US Slowly Loses Fight to Isolate Regime Over Rights Abuses
WASHINGTON
IN the battle for global acceptance, Burma appears to be winning a war of attrition.
The government has been adept at moving from its pariah status of six years ago, when it brutally repressed pro-democracy protests, to a country gaining recognition from its harshest critic, the United States.
The US led the West and many other nations to cut economic and political ties to Burma in hopes of forcing reform. But slowly, the effort crumpled as Asian nations put trade with resource-rich Burma ahead of human rights. The West, meanwhile, tried to hold firm.

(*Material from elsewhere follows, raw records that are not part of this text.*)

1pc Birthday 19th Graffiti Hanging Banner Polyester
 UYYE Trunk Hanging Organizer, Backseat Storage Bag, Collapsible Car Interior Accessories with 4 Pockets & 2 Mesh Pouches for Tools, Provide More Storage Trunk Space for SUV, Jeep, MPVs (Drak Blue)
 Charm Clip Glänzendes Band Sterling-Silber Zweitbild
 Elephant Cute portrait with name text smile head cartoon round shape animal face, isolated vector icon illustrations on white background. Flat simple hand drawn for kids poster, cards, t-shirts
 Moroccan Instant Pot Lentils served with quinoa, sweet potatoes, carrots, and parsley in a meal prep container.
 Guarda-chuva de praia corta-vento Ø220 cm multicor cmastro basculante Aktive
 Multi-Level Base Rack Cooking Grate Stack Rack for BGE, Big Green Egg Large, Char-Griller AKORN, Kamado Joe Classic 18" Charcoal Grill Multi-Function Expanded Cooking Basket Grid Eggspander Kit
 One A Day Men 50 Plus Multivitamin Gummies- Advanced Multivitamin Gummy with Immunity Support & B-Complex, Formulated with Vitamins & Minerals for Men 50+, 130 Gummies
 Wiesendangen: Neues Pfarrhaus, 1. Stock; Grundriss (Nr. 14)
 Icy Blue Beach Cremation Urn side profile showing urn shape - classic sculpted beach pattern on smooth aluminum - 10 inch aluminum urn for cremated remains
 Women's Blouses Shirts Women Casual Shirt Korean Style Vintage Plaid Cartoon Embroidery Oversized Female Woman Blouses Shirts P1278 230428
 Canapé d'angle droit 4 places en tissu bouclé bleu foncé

When more savvy generals took over the ruling body, the State Law and Order Restoration Council (SLORC), in 1992 and released some political prisoners, one European country after another started dealing with Burma. ``The US felt left out in the cold ... [it] felt it was in an untenable position,'' says Michael Jendrzejczyk, Washington director of Human Rights Watch/Asia.
SLORC appeared to be responding to this softer approach, some believe. Twice since September, two SLORC leaders met with Aung San Suu Kyi, Burma's leading dissident who had been under house arrest since 1989.
So, last November, when US Assistant Secretary of State Thomas Hubbard arrived to conduct meetings with SLORC, observers watched for a softening in US policy. Mr. Hubbard's message was that there were ``two visions of the future relationship'' between Burma and the US - a dark one if Burma did not make progress in human rights, democratization, and narcotics control, and a brighter one if it did. But the final impression, says one Burma activist in Rangoon, ``was that all the emphasis was on the carrots and not the sticks.''
Critics wonder why the US has failed to support Burma's democracy movement with the same vigor it showed in Haiti and in the Philippines. The reason, one administration official notes, is that the US has few interests in the Asian nation. Unlike the Philippines, there is no prior US involvement, and unlike nearby Haiti, events in a country halfway around the world present no threat to US security. And economically, Burma is a faint blip on the US radar screen: Only a few companies have opened operations there.
The most pressing US interest lies in controlling the nearly 70 percent of world opium and heroin that comes out of Burma. A struggle within the US government persists over whether to continue isolating SLORC or work with it in curbing drug production. With SLORC meeting with Ms. Suu Kyi, those who want to work with the generals are finding it easier to make a case.